Failed states can no longer be forgotten states. Ever since the terrorist attacks of September 11, 2001, the US and its allies have been increasingly conscious of the dangers of allowing countries to lapse into anarchy. In the year after 9/11, a revised US national security strategy summed up the new conventional wisdom: “The events of September 11th 2001 taught us that weak states, like Afghanistan, can pose as great a danger to our national interests as strong states.”
Somalia and the Congo are among the nations that are often labelled as “failed”. But – alas – there is no shortage of candidates. An annual ranking of “weak and failing” states, published by Foreign Policy magazine and the Carnegie Endowment think tank in 2007, ranked 60 vulnerable countries using an index of social, economic, political and military criteria.
Sudan was listed as the single most vulnerable state. But Pakistan, a nuclear-weapons state and one of the most populous countries in the world, is rapidly rising up the watch-list.
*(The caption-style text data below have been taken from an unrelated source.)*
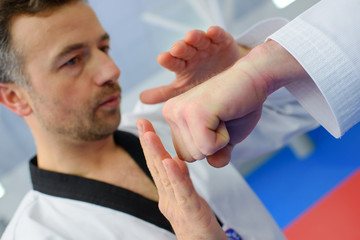 Obraz premium Kid in a karate lesson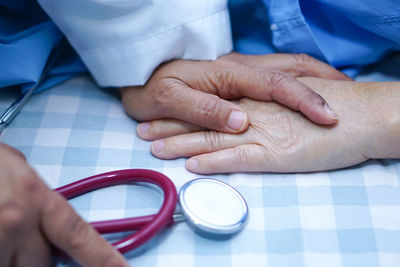 Midsection of man holding hands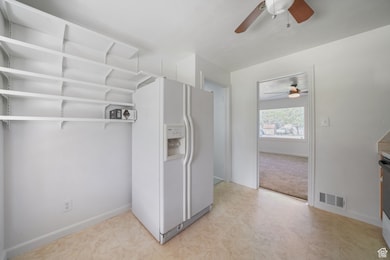 Kitchen with white fridge with ice dispenser, ceiling fan, open shelves, and light floors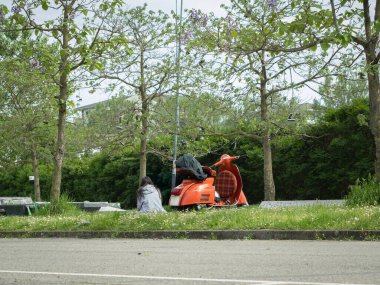 Park etmiş Orange Scooter ve yalnız kızlar ağaçların arasına..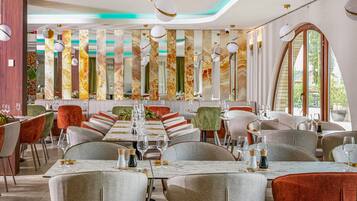 A restaurant with a long dining table, multiple chairs, and a modern interior design.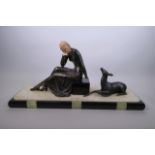 An Art Deco style spelter figure of a seated lady and deer mounted on an alabaster and onyx base,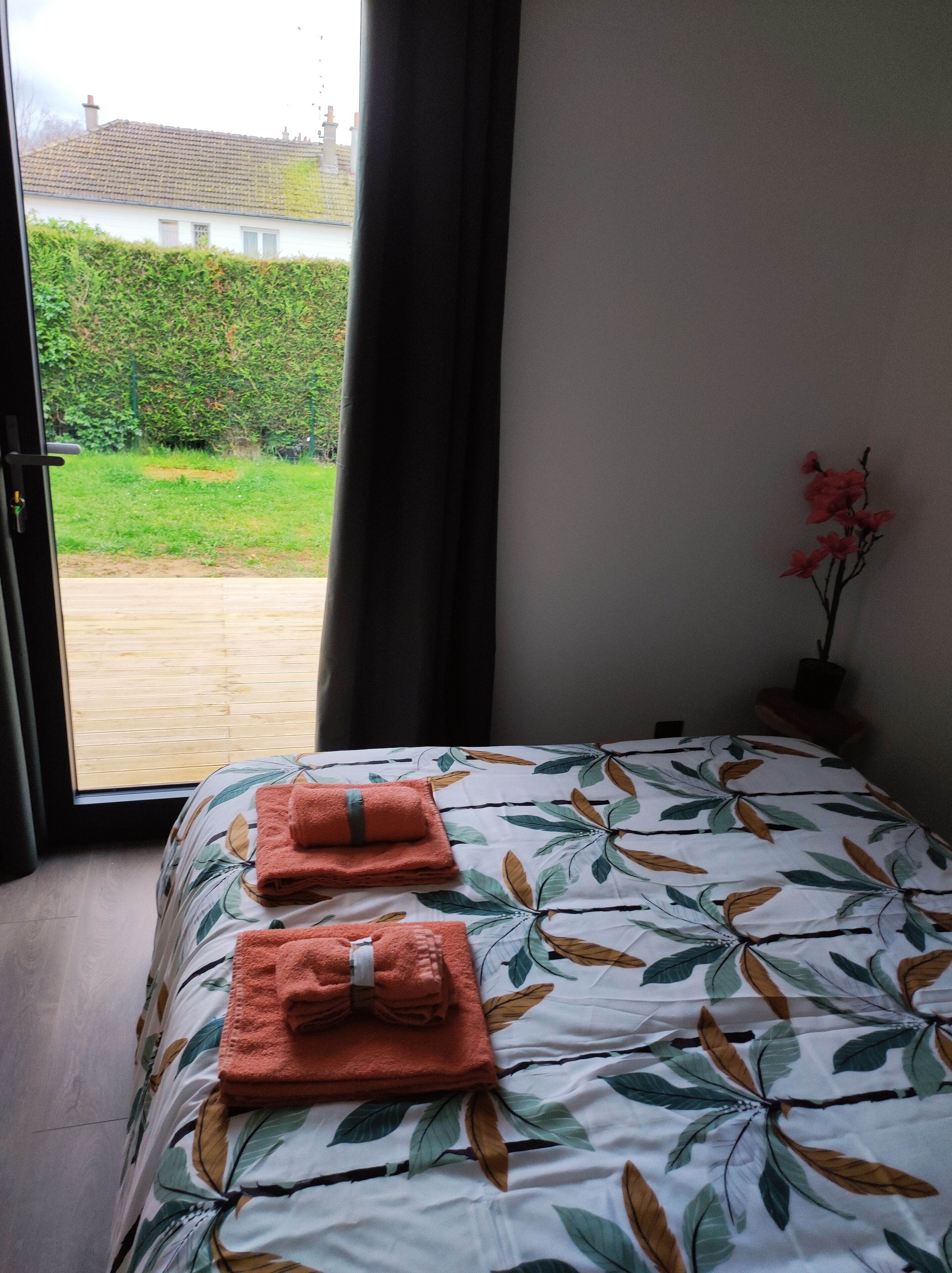 A bedroom with a bed, two towels, a window, and a view of a garden.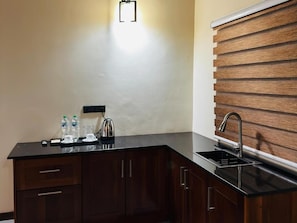 Una cocina con encimera negra, un fregadero y paneles de madera en la pared.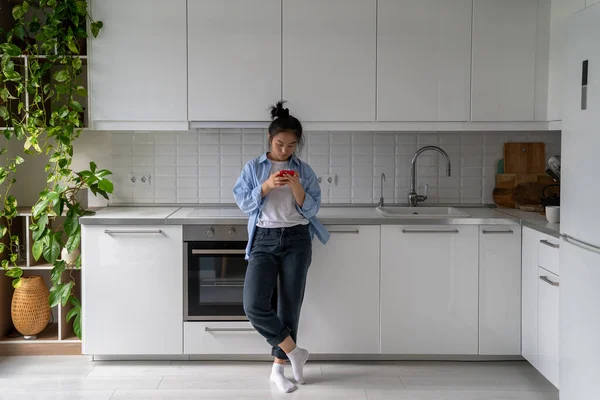 Chinesisches Mädchen Mit Mobiltelefon Während Einer Modernen Küche Mit Zimmerpflanzen — Stockfoto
While it is the threat of terror that has forced the issue of nation-building up the national-security agenda of the west, failed states also pose a variety of other problems. In the aftermath of the break-up of Yugoslavia, the Balkans became a major trans-shipment route for drugs and organised crime. Drugs are also a big problem emanating from Afghanistan and the lawless areas of Columbia and Burma. Failed states are also far more at risk of famine and civil war and therefore a likely source of refugees.
The problem of a lack of sovereign power is not unique to the modern age. Thomas Hobbes, the 17th-century political philosopher, famously argued that in a “state of nature”, with no sovereign government, life was “solitary, poor, nasty, brutish and short”. His solution was the rapid establishment of a powerful sovereign.
Centuries later, an initial resort to brute force remains a vital part of the remedy for many failed states. Even before 9/11, there had been western-led military interventions in the 1990s, aimed at filling governmental vacuums in a variety of weak or failing nations: Bosnia, Kosovo, East Timor, Haiti, Liberia and Sierra Leone among them.
Unfortunately, outside military intervention is far from a panacea. Even when it works, there remains the vexing problem of setting up sustainable government structures. But, it is also increasingly apparent that the US and its allies are sometimes not even capable of getting to stage one – establishing a military supremacy that will allow them to proceed to working on sustainable civilian institutions.
The war in Afghanistan is the prime example of this problem. Despite the commitment of billions of dollars in aid and more than 70,000 troops from a 40-nation military alliance, the security situation seems to be going backwards. A new American administration is likely to push for a greater troop commitment – both from US troops and from Nato allies. Yet, there are grounds for scepticism that this will achieve very much.
Some counter-insurgency experts point out that Nato might have to commit twenty-five times its current level of troops to achieve the same level of territorial coverage that was deemed necessary in Bosnia. Clearly, this is politically unthinkable. Yet, the political and military commitment to Afghanistan by the west is very strong, in comparison with the situation in other failed states. After its bloody experiences in Somalia in the early 1990s, the US will not be rushing to deploy troops in the Horn of Africa.
If and when the necessary levels of security are established to allow for civilian institution-building, a new set of issues comes to the fore. Which institutions are best equipped to provide the expertise necessary to help build states? In general, different western multilateral institutions have tended to take on particular roles. The World Bank has specialised in economic advice. Aid agencies (whether governmental or non-governmental) have taken on the role of administrative reforms. Social policy often falls under the ambit of a variety of NGOs.
But all these well-intentioned outsiders often require co-ordination, by a semi-imperial authority. In Bosnia, this was the role assigned to Lord Ashdown, a former leader of Britain’s Liberal Democrats, who effectively became a UN-appointed viceroy until 2006. Lord Ashdown was nominated for a similar role in Afghanistan earlier this year – but eventually rejected by the Afghan government.
A recent set of studies* by the Rand Corporation, an American think tank indicates that the UN – often derided, particularly in the US, as slow and bureaucratic – has a relatively good record in nation-building. Its combination of legitimacy, institutional memory and in-house expertise is a powerful one.
Even calling on the UN, however, is hardly a guarantee of success. Feeble UN peacekeeping missions have failed to pacify the Congo, for example.
With success so elusive in a number of failed states, the international community may be tempted to redefine “success”. The experience of Afghanistan, in particular, has heightened scepticism about the ability of a poor and tribal society to maintain the kind of democratic institutions that are dreamed up at international conferences.
For better or worse, the west is moving towards a second-best solution in Afghanistan – trying to establish a sovereign authority (or authorities) capable of preventing the return of anarchy and the establishment of safe havens for terrorists. This minimalist model may be the new template for those vexatious “failed states”.
* “America, the UN and Europe’s role in nation building,” edited by James Dobbins.